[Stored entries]
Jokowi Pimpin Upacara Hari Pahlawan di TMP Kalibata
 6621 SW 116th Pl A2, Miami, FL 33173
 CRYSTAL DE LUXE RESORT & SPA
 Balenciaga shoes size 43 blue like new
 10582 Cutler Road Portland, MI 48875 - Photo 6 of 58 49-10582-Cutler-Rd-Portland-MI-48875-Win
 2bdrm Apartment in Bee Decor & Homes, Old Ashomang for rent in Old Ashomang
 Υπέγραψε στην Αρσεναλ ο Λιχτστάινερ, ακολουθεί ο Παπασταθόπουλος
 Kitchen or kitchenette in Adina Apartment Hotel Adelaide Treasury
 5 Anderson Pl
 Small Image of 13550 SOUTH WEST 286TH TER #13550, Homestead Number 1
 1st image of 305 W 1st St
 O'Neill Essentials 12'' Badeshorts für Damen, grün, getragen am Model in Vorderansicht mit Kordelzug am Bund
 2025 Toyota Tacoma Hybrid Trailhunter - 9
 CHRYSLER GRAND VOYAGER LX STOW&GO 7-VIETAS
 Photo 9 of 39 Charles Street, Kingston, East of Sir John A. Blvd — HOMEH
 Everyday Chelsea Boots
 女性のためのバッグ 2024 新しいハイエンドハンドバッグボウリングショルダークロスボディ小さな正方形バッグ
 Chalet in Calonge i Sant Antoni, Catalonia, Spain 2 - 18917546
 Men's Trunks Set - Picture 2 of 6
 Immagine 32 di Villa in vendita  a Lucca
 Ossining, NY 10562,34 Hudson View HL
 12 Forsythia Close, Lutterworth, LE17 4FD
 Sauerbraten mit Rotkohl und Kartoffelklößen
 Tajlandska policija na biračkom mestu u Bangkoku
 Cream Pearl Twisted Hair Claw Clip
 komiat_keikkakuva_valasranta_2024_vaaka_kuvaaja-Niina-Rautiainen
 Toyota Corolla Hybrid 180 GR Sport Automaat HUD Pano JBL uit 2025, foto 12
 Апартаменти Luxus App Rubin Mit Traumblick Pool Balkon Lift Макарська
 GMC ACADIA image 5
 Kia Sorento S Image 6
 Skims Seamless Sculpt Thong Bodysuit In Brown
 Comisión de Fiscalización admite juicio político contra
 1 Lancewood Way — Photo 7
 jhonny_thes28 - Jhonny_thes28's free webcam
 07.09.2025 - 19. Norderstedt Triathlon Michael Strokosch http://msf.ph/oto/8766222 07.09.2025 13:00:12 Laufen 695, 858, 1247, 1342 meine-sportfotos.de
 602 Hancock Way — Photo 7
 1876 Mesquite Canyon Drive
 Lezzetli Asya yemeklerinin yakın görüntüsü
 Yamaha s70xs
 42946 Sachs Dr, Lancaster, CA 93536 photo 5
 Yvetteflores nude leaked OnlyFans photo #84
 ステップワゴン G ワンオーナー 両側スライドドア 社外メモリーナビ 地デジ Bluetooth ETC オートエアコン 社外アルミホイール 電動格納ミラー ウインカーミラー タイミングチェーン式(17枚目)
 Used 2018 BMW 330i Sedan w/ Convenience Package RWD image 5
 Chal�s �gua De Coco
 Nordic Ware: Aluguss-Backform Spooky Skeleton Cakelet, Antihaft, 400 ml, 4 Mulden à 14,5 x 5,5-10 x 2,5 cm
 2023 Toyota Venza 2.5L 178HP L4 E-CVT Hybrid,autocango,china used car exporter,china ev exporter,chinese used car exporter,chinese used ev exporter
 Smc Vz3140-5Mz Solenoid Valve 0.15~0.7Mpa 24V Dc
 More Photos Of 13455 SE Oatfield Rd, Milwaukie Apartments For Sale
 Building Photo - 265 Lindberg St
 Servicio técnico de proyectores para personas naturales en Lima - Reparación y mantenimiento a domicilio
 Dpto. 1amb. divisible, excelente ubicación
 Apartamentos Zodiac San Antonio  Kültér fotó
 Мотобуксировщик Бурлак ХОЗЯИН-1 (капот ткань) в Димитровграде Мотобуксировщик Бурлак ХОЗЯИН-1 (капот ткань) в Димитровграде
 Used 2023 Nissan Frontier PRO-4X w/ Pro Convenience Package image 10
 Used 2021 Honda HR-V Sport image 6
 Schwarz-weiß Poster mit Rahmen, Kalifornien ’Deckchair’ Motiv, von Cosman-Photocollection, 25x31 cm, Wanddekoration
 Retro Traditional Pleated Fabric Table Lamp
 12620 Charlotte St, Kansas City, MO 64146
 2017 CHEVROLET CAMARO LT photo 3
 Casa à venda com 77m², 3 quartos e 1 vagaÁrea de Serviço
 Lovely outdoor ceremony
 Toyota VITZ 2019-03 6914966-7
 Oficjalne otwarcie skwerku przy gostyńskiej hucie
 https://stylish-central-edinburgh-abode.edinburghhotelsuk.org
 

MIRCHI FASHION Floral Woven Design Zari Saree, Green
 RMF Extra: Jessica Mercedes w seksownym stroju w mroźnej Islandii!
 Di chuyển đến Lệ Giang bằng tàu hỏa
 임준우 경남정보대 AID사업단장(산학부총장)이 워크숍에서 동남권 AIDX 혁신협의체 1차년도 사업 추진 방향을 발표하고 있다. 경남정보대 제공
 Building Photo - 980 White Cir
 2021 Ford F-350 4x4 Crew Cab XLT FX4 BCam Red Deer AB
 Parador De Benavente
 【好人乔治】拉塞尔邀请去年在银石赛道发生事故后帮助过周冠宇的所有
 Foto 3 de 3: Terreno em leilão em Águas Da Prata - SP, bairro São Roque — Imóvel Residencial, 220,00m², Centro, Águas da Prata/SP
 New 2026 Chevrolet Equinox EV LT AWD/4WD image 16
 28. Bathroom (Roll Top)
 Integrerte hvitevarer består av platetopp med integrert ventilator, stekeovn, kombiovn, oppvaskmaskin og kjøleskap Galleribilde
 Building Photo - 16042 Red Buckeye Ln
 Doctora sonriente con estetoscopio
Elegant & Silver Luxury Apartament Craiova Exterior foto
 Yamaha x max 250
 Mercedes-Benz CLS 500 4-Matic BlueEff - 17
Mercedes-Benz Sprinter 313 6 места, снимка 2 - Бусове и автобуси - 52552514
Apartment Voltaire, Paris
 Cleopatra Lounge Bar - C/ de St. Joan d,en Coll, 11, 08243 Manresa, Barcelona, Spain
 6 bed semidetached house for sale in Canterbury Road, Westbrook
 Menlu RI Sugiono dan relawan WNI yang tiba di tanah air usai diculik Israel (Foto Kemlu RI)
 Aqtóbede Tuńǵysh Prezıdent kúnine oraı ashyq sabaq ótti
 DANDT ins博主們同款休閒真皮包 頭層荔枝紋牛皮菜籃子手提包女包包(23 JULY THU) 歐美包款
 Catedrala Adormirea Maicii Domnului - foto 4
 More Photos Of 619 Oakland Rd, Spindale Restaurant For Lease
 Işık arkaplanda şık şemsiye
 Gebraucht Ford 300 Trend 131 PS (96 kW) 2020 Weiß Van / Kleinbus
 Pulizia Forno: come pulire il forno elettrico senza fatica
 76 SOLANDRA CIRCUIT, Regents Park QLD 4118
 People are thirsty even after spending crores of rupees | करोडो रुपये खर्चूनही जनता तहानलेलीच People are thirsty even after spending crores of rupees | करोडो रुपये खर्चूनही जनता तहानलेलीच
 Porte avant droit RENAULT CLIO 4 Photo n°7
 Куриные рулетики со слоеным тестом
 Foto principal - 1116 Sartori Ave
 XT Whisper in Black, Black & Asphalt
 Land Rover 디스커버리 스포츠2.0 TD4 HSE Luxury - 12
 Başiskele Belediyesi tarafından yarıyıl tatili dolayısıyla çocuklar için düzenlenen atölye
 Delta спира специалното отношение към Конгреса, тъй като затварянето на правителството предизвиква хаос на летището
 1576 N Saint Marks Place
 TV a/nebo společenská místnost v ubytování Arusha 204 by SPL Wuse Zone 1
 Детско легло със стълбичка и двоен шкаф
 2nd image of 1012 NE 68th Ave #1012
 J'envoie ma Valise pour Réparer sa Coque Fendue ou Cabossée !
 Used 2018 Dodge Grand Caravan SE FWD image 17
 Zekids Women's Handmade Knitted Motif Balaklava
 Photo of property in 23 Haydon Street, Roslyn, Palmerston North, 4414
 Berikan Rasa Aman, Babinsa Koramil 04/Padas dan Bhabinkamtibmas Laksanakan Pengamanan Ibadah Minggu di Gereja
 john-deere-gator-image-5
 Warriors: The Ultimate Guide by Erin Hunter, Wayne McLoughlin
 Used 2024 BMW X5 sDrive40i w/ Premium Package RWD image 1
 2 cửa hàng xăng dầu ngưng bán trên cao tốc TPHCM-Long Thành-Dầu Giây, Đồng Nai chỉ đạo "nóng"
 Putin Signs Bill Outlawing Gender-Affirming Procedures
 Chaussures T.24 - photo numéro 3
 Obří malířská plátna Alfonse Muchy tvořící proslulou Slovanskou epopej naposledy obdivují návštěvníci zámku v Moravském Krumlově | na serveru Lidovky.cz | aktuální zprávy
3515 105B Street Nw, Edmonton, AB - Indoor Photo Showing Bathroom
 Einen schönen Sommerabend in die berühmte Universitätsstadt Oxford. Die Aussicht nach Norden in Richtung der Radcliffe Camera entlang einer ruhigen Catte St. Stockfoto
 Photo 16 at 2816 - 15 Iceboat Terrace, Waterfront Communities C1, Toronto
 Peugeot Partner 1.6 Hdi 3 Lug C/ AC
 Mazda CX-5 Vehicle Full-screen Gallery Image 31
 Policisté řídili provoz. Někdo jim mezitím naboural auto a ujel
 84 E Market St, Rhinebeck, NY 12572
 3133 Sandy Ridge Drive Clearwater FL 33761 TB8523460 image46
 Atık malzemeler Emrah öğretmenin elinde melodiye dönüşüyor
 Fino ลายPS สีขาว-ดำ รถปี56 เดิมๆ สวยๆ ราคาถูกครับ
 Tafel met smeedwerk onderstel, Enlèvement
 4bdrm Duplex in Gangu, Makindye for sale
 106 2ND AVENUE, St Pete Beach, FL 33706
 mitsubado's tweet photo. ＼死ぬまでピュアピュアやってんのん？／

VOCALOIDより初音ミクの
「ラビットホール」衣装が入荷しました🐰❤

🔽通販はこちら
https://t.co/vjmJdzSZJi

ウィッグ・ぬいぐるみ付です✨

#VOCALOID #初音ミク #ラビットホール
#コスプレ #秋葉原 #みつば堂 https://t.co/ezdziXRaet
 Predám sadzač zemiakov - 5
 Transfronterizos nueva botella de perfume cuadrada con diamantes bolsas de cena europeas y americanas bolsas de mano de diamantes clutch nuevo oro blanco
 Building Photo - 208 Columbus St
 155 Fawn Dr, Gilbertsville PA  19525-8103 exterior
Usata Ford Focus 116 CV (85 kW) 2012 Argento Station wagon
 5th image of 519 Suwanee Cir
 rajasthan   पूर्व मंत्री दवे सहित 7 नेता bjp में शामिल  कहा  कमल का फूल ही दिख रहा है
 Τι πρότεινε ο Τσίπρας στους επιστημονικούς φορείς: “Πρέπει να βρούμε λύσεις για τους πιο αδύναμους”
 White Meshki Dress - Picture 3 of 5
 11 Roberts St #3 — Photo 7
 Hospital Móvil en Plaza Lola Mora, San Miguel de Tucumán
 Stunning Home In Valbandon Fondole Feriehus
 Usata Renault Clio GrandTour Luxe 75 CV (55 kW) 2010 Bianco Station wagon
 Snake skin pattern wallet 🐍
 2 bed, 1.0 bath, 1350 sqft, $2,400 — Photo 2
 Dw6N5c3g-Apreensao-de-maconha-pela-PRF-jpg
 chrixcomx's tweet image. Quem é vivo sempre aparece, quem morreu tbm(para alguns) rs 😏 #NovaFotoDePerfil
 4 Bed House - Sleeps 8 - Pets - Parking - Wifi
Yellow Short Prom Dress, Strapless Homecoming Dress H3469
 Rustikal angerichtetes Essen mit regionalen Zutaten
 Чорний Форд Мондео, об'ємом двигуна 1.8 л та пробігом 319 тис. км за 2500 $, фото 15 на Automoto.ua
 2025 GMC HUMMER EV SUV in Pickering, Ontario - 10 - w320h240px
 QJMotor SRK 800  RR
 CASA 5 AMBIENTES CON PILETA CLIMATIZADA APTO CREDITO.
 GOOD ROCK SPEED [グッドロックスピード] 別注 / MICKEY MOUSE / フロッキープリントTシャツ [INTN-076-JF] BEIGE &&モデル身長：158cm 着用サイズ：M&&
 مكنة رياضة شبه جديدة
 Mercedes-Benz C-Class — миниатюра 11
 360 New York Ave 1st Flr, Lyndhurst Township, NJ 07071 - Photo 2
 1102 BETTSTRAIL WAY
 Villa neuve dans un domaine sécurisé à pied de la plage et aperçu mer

= TASK DIRECTIONS =
Search the data above for the string "Bathroom" and copy each line that has it.

= EXPECTED ANSWER =
 28. Bathroom (Roll Top)
3515 105B Street Nw, Edmonton, AB - Indoor Photo Showing Bathroom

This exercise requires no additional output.